Et c'est encore une bonne pioche ! Sans doute pas la mieux filmée, loin de là, mais l'une des plus originales pour une comédie satirique et grinçante où ce pauvre pleutre est constamment pris en étau entre les deux clans, devant se faire passer pour un sympathisant de chaque bord s'il veut avoir la vie sauve.
Ce qui surprend avant tout c'est qu'il n'y a pas grand monde de fondamentalement positif : le personnage principal est un anti-héros absolu, un être chétif, pathétique, lâche et au physique ingrat (son épouse est encore pire), les civils dans la grande majeure partie semblent surtout subir le conflit et même les révolutionnaires soviétiques peuvent se montrer parfois inquiétant voire menaçant dans leur autoritarisme à l'instar d'une cheffe froide et sans empathie. Il n'est donc pas surprenant que la censure bloqua le film qui échappa même de peu à la destruction... Ce qui peut expliquer la disparation très rapide du cinéaste dès l'année suivante qui ne fit qu'un rapide et unique come-back en 1945 (et davantage comme co-réalisateur). C'est dommage puisque Nikolaï Chpikovski semblait assez doué pour l'humour si on en juge par sa précédente réalisation, le délirant court-métrage La folie des échecs (en collaboration avec Poudovkine).

En tout cas, on ne se plaindra pas de sa survie car le profiteur est plutôt drôle, lucide et tape souvent juste au point qu'on l'imaginerait très facilement avec Alberto Sordi dans le premier rôle. Les tribulations que rencontre le héros sont bien rythmées, changent assez souvent de cadres avec régulièrement quelques touches qui ré-contextualisent les conséquences de la guerre sur la population : pénurie alimentaire, marché noire, problème de ravitaillement, habitants lassés d'être déplacés, travail forcé, alcool de contrebande, représailles d'une armée puis de l'autre. C'est assez complet même si sur 80 minutes, les rencontres alternées du petit bourgeois tournent un peu en rond finalement et que la réalisation n'est pas toujours au top. Il y a des moments assez inspirés visuellement (le montage alterné audacieux et étonnement lyrique entre paysans fauchant les blés et les corps tombant sous les balles ; la progression instantanée du "profiteur" dans les rangs conservateurs en une série de fondu-enchainés sur son style vestimentaire) quand d'autres passages sont plus décontractés (la dégustation des saisies d'alcools) pour ne pas dire académiques.
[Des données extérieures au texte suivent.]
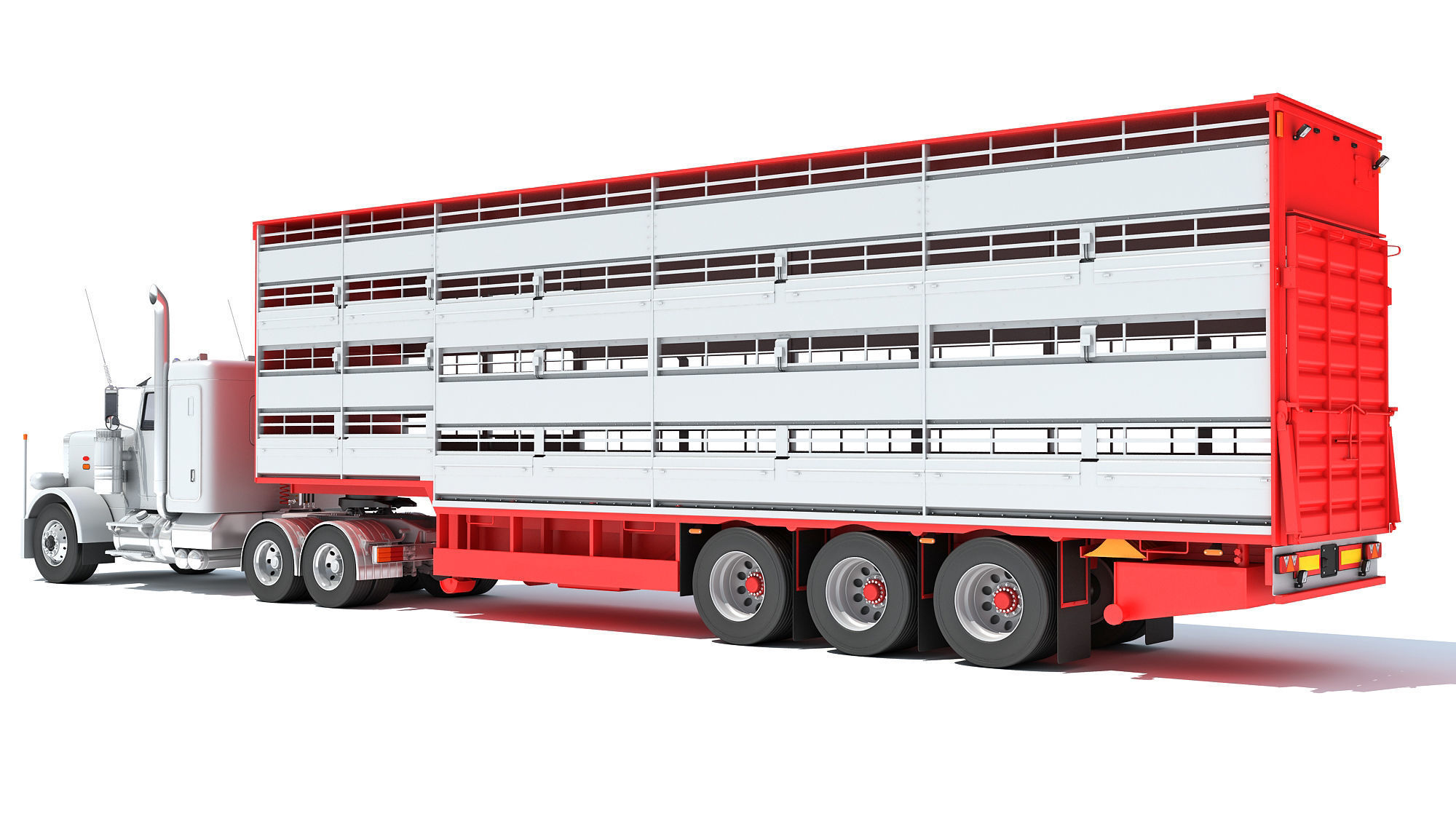 Animal Transporter Semi Truck and Trailer 3D model_2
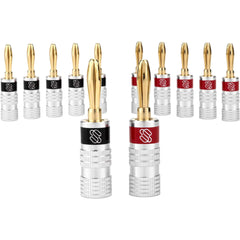 Sewell Silverback Gold Plated Dual-Screw Banana Plugs (6 Red & 6 Black) Image 1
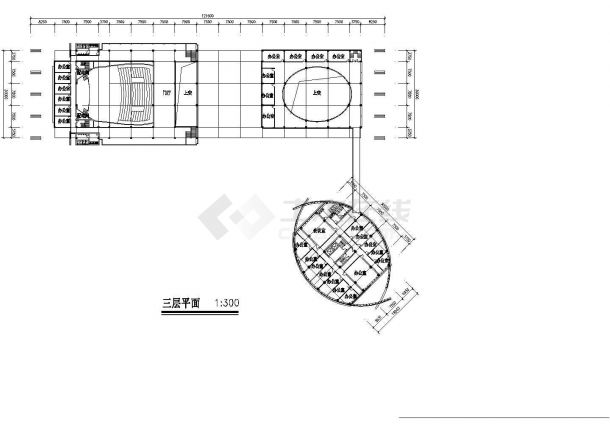 某大学中心校区规划方案行政楼CAD节点剖面图-图二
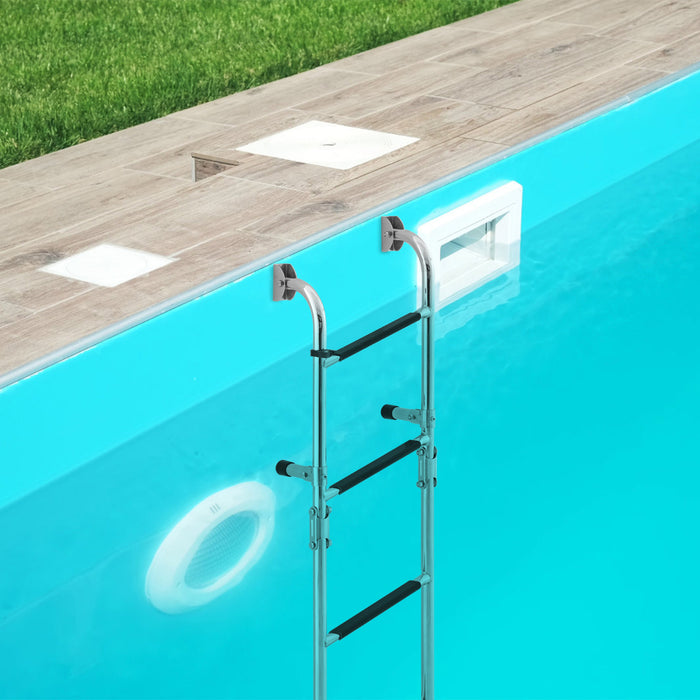 Folding 4 Step Ladder Anti Slip Boat Ladder with Sturdy PVC Steps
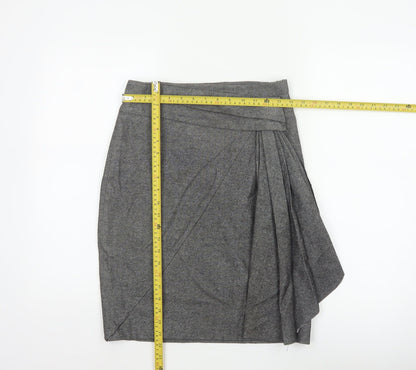 Karen Millen Women Grey UK 10 Herringbone Asymmetric Wrap Pleated Skirt
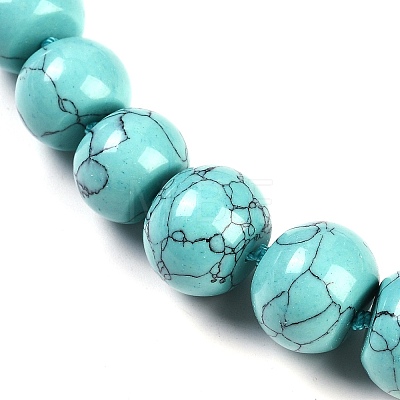 Synthetic Turquoise Rondelle Graduated Beaded Necklaces for Women Men NJEW-K388-02Q-1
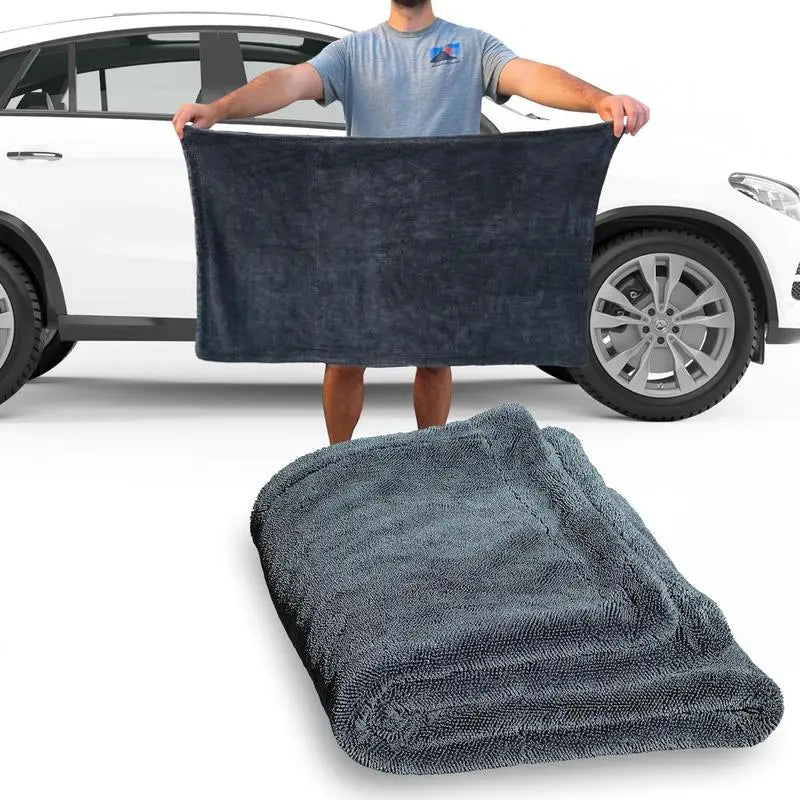 🚗 One-Towel Drying Power – 1300GSM Microfiber Mega Drier with Edgeless Design, Lint-Free & Gentle on Paint for Trucks, SUVs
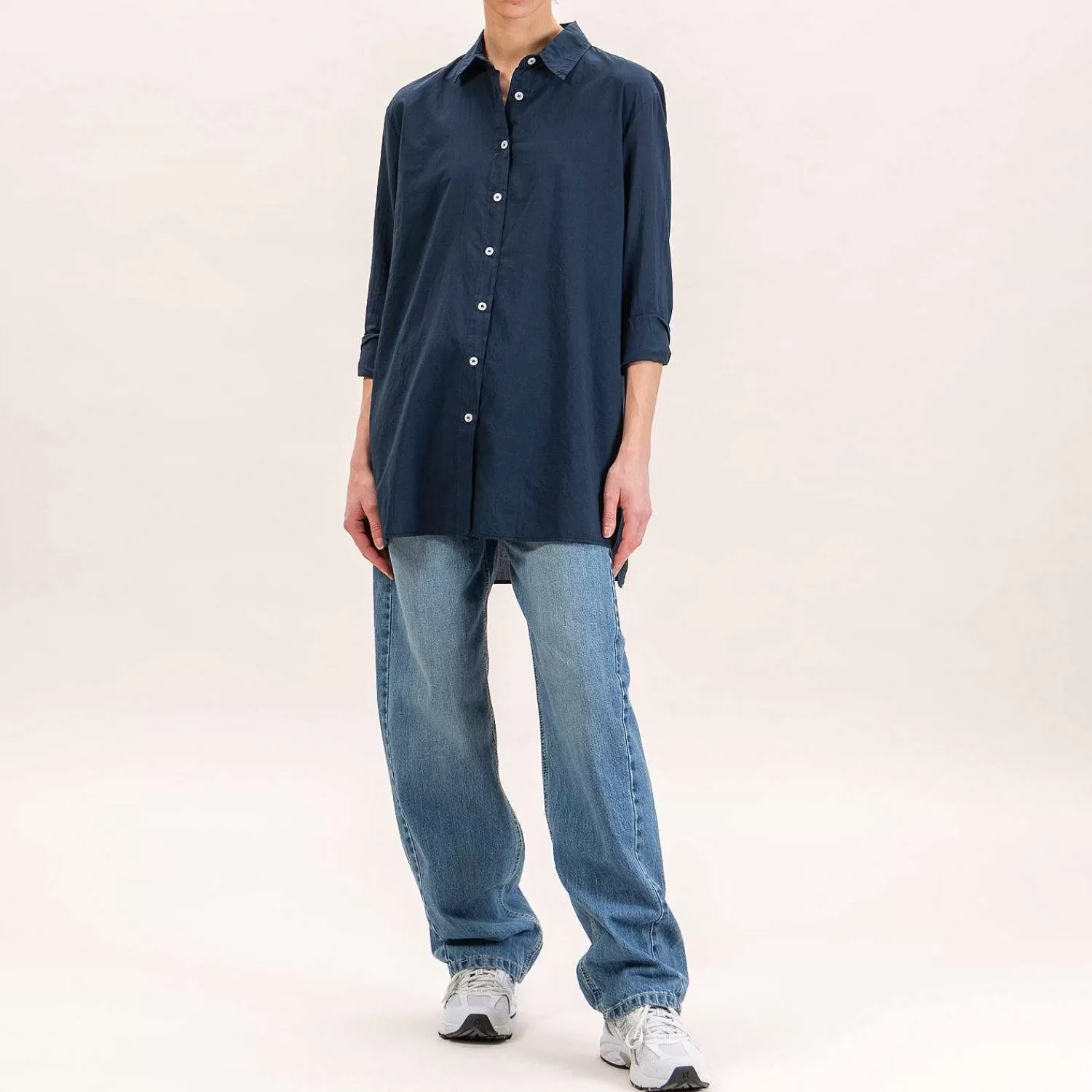 Outlet White Mood Zeroassoluto-Camicia Mussola Oversize - Blu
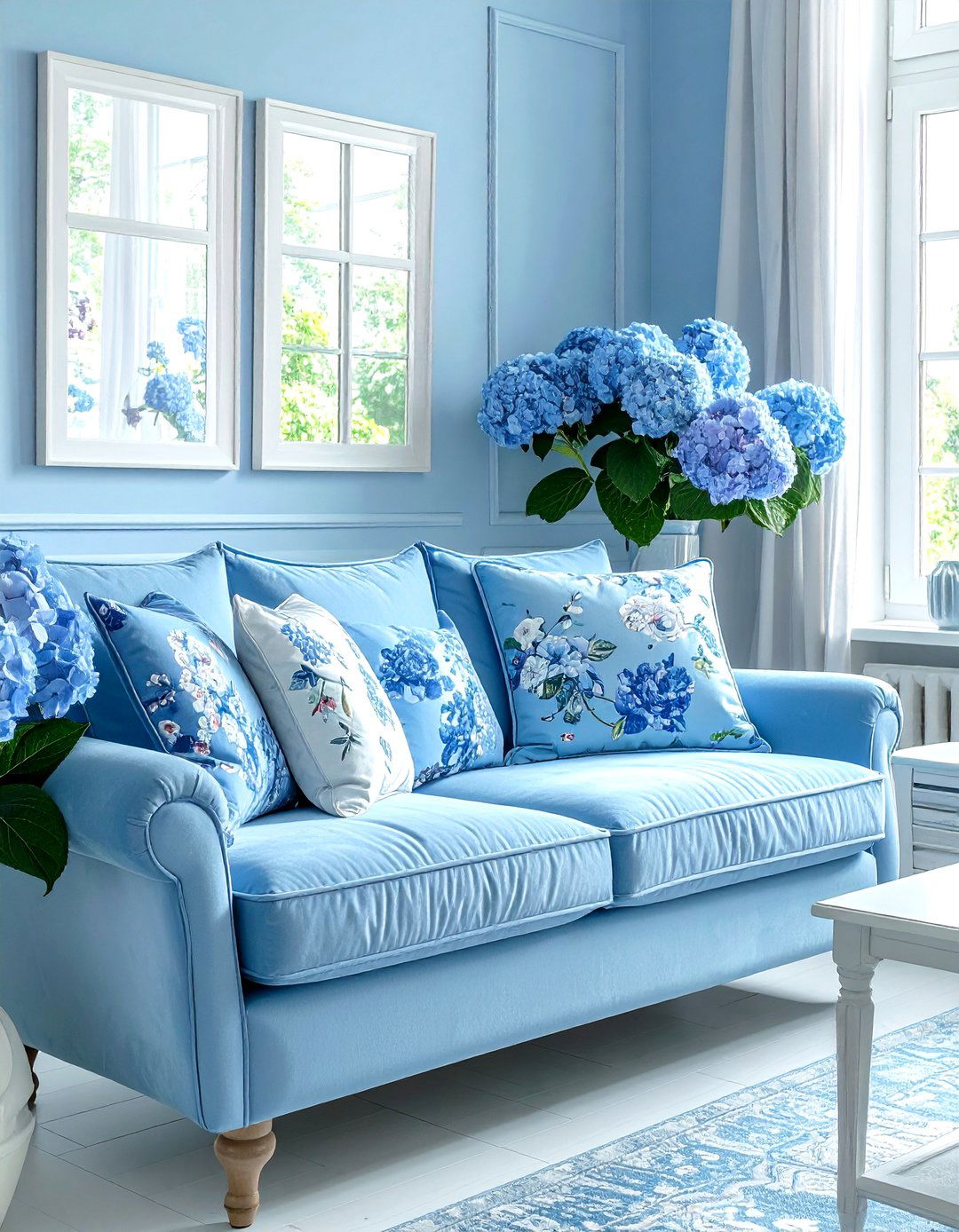Sky Blue Floral Decor - 30 sky blue living room ideas
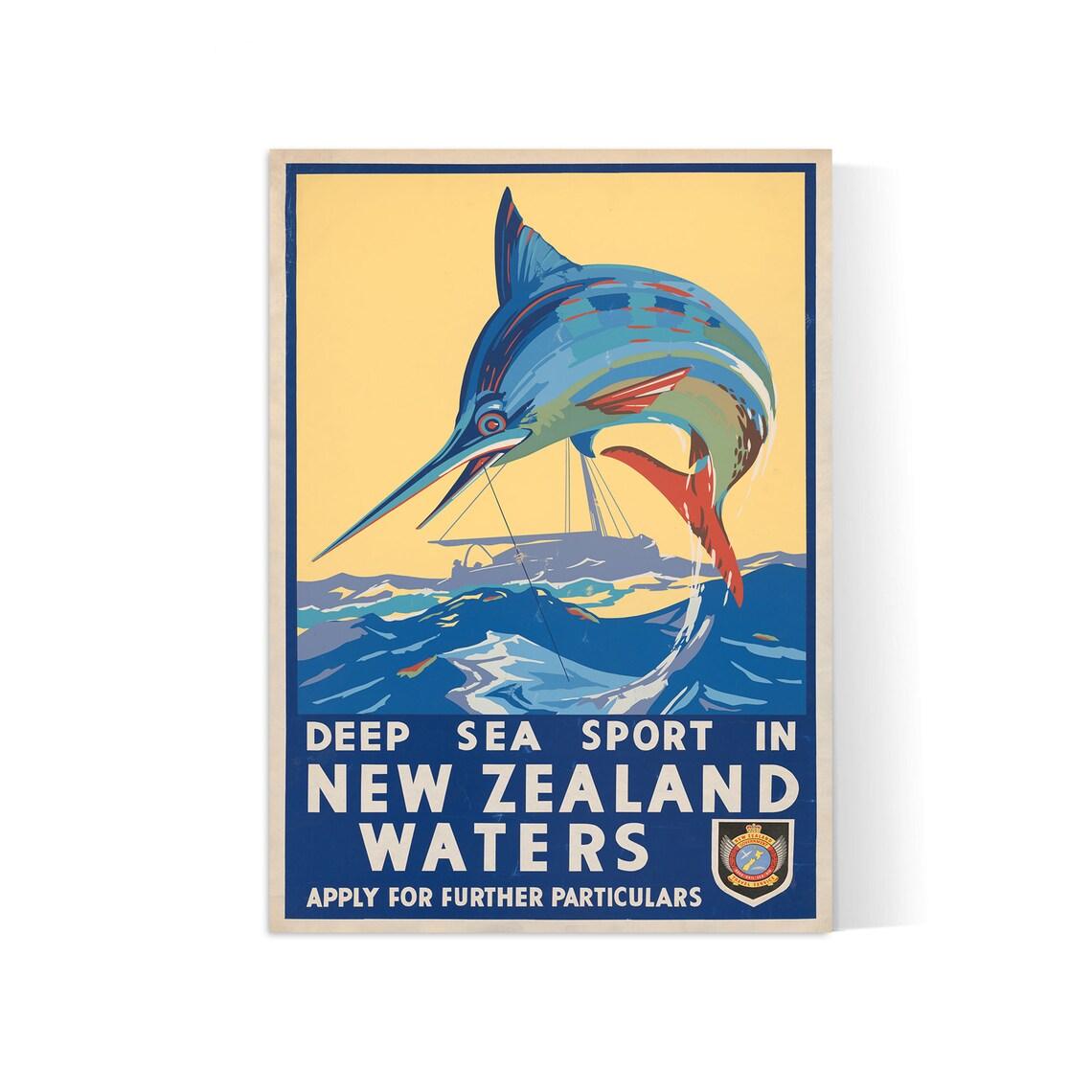 Affiche Vintage – "Deep Sea Sport in New Zealand Waters"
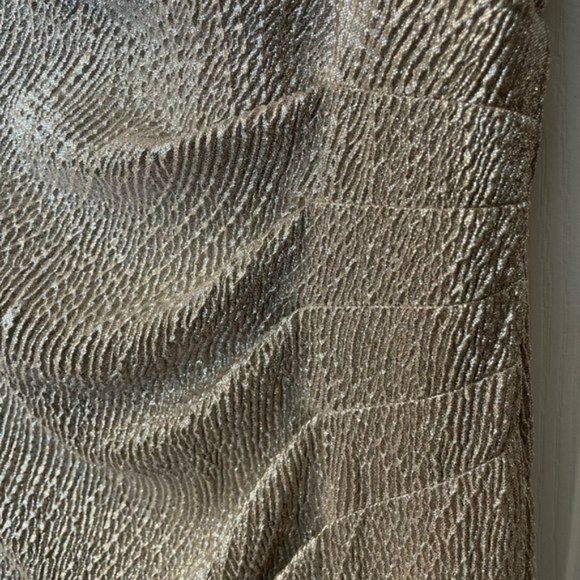 Lauren | Ralph Lauren Evening Gold Metallic Maxi Dress Gown Slit Stretch 10 Long - Picture 4 of 10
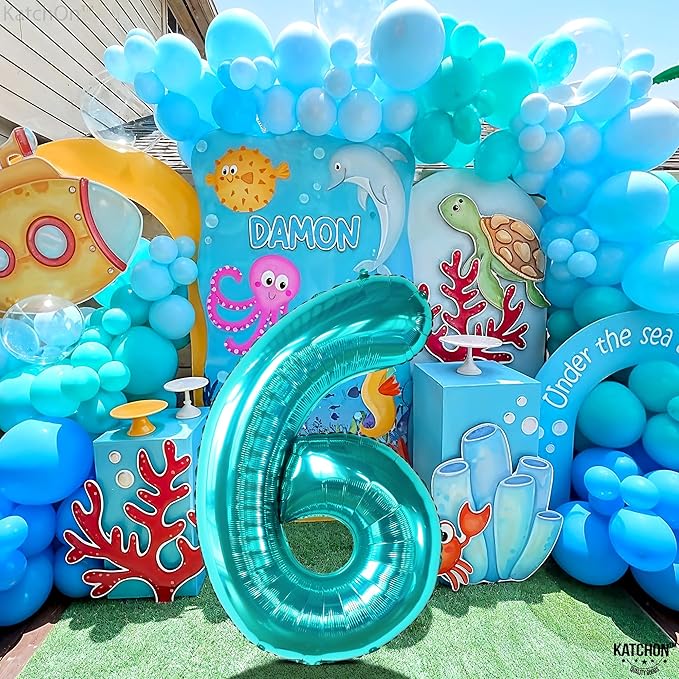 KatchOn, Giant Teal Blue Number 6 Balloon - 40 Inch | 6th Birthday Balloon for 6th Birthday Decorations | 6 Balloons for Birthday | Number Balloons for Anniversary Decorations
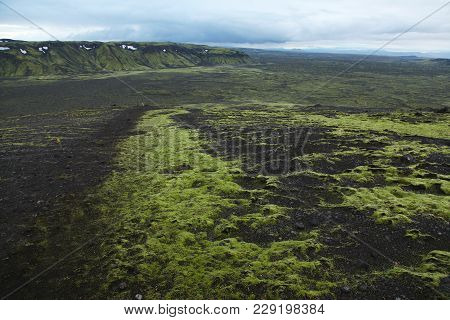 Evening On A Mountain Lakagigar In Iceland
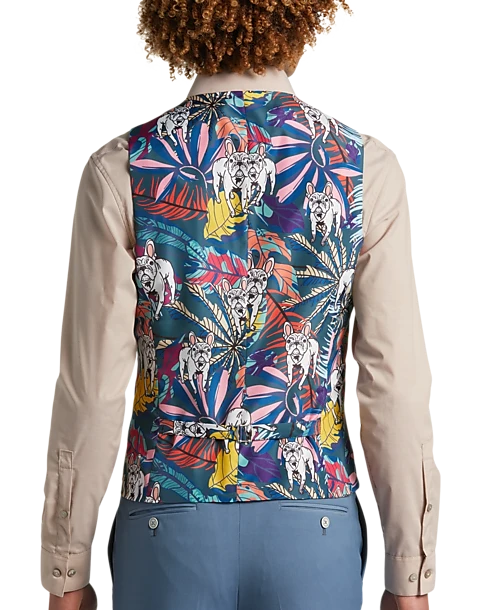 Paisley & Gray Slim Fit Suit Separates Vest Slate Blue - Image 2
Ce n'est donc pas le plus formaliste des films muets soviétiques mais ça correspond bien à l'esprit du film, au personnage médiocre qu'on finit par prendre en sympathie et son improbable sidekick animalier.


A priori le cycle russe devrait revenir au printemps mais sera cette consacrée aux films tournées après 1945 (et allant jusqu'au années 70-80 si je dis pas de bêtises). Et la Géorgie devrait être particulièrement mise en avant.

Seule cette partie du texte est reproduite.